Do Kwon’s First Startup – And His First Taste Of Both Money And Nepotism.

Terra’s Do Kwon has found himself perpetually in trouble ever since Terra LUNA and UST crashed. His attempts to save the ecosystem by creating Terra 2.0 doesn’t seem to have stopped the spill-over that came with the people’s anger after over $40 billion was lost in the crash.

Going by a Twitter handle FatMan, one guy has been on Kwon’s neck for the major part of the last few weeks. FatMan seems to have dedicated his time to unearthing and telling the world exactly who Do Kwon is.

After several damning expose`s, FatMan has unearthed yet another side of Kwon. He told the world about it in a recent Twitter thread.

🧵 Do Kwon's dynamic rise to stardom in the VC world has not been without its tricks & shortcuts. Let's have a look at Anify, Do Kwon's first startup – and his first taste of both money and nepotism. (1/8)

— FatMan (@FatManTerra) June 3, 2022

First Project Funded Through Nepotism

Apparently, Do Kwon’s appetite for big money didn’t start with Terra or UST, or even his previous collapsed stablecoin, Basis Cash.

It started with a startup company called Anify. He started it back in 2014 with a friend from Stanford, Jang Ki-seok. Anify was a P2P-based communications system.

Apparently, they got incubation funding through the friend’s father who had connections with a big bank, the Infobank. They got the money despite the fact they hadn’t fielded any product. Nepotism right there.

Shielded By Big Power

After Anify, Do Kwon developed another plan – the Terra crypto ecosystem. He developed this idea with another friend, Daniel Shin, who’s well-linked with deep pockets and Korean intelligence service (Call it Korean CIA).

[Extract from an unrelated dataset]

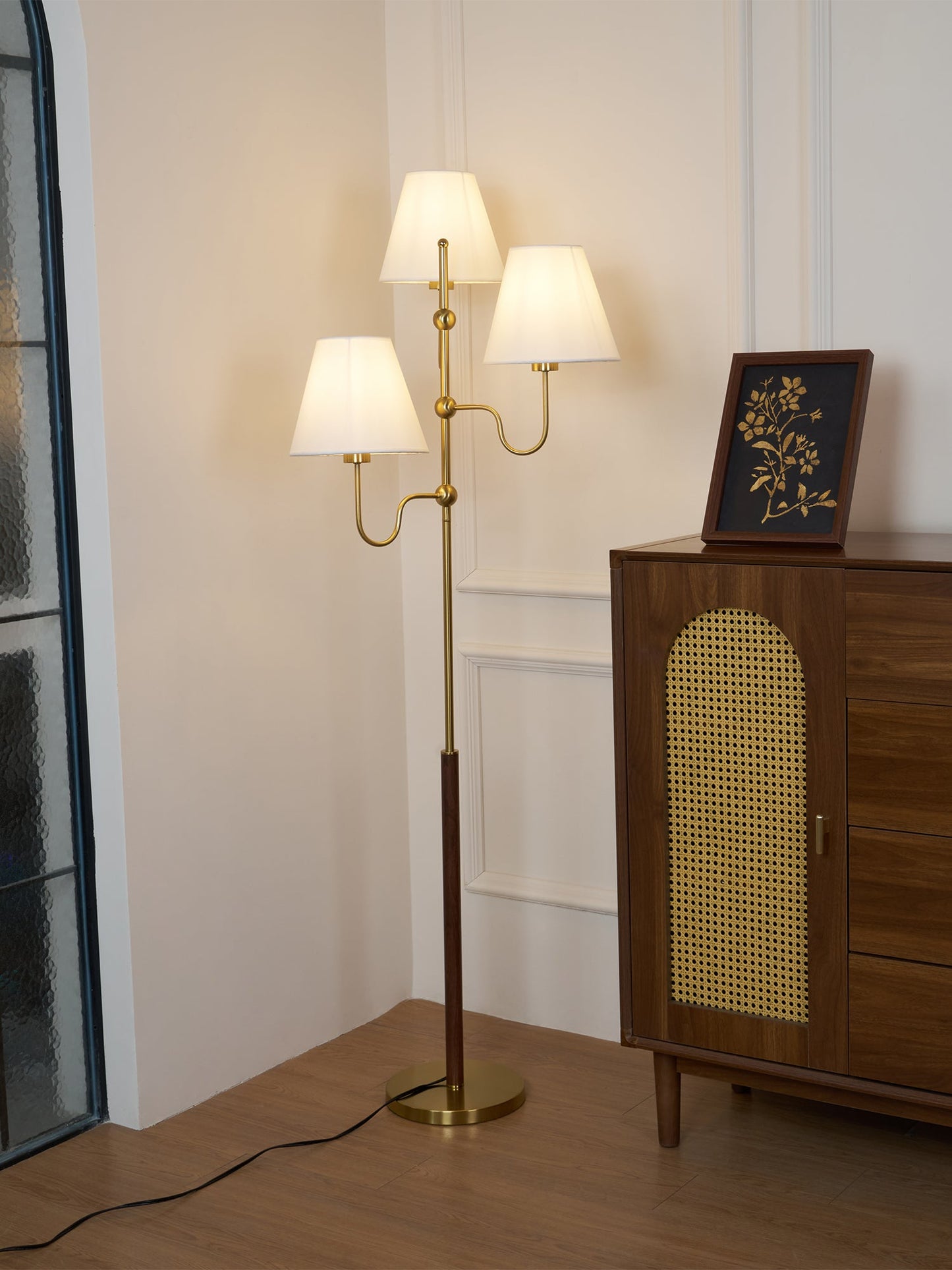 Serenade Floor Lamp with LED, Indoor, Walnut and Gold Finish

The two have had a dark history at that point already, but they were untouchable. In 2022, Kwon made an OTC deal whereby he exchanged 1 billion UST tokens for $1 billion worth of Bitcoin.

Fatman report:

“In 2016, Do Kwon and his friend from Stanford, Jang Ki-seok, created Anify, a scalable P2P communications solution. As many in the tech world know, it’s not easy to get accelerators to incubate you and throw hundreds of thousands at any old buzzword-filled idea

So when Anify was sent out as a prospective investment to various companies through the Korean government TIPS incubation program, how did Do Kwon manage to get a $550,000 grant from Infobank, a big communications corporation in Korea, despite never putting out a product?

As it happened, Do Kwon had a trick up his sleeve. Infobank’s CEO turned out to be Jang Jun-ho, the father of Jang Ki-seok. Thanks to the wonders of nepotism, Ki-seok had his father recommend the project to the TIPS board, and received a large investment into Anify’s bank.

It turns out that Ki-seok was an Infobank shareholder, and Infobank is refusing to comment on this. The TIPS board has stated that they will work harder on rooting out instances of nepotism. This is all thanks to amazing research work done by SBS.

I opine that after this little venture, Do Kwon started becoming greedy for more. More money, more investor funding, more fame, more connections – more power. He started dreaming bigger. “A million dollars isn’t cool. You know what’s cool? A billion dollars.””

The Ultimate Rug-Pull

Do Kwon mostly likely knew the Terra ecosystem would collapse, but his goal was just to get out with a bag of money. In recent, expose`s, FatMan explained how Kwon and his VIP Terra validators planned to play the markets and raked in huge profits at a time when the Terra community was losing money on a daily basis.

Proposal To Kick Do Kwon Out Of Terra 2.0

FatMan opines that it will be hard even for Terra 2.0 to thrive as long as bad actors are allowed to operate freely and have powers in the ecosystem. He claims to have forwarded, multiple times, proposals to have Do Kwon kicked out of Terra 2.0.